**Aim of the exercise:** Produce a faithful copy of the data, one that leaves out the pictures.

**Data shown:**

· · ·

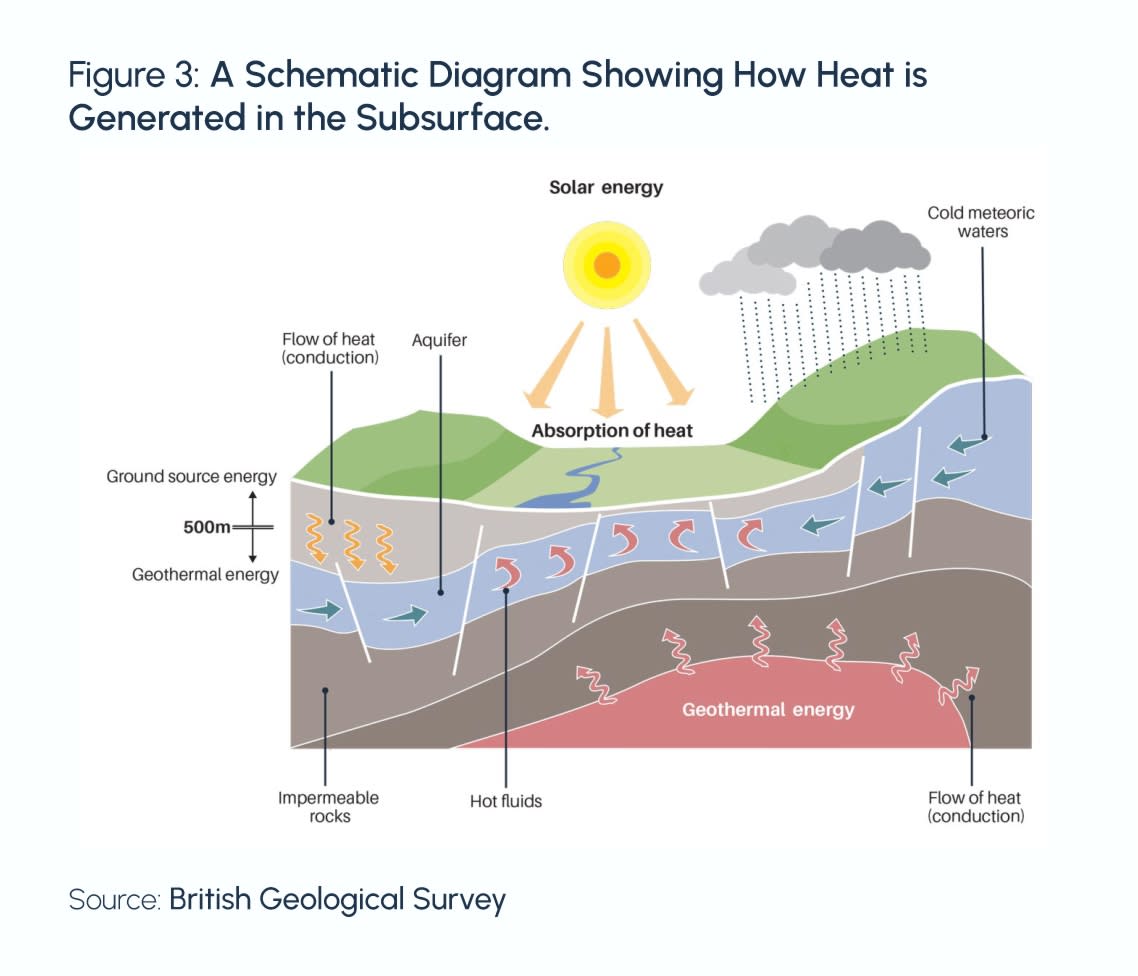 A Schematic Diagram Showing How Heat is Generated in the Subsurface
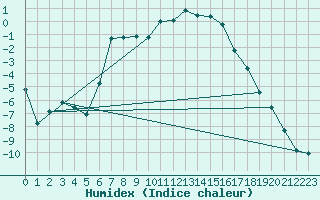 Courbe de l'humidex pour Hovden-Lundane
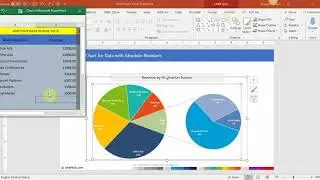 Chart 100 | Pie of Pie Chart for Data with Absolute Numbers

· · ·

**Solution for this task:**
 A Schematic Diagram Showing How Heat is Generated in the Subsurface
 Courbe de l'humidex pour Hovden-Lundane
 Chart 100 | Pie of Pie Chart for Data with Absolute Numbers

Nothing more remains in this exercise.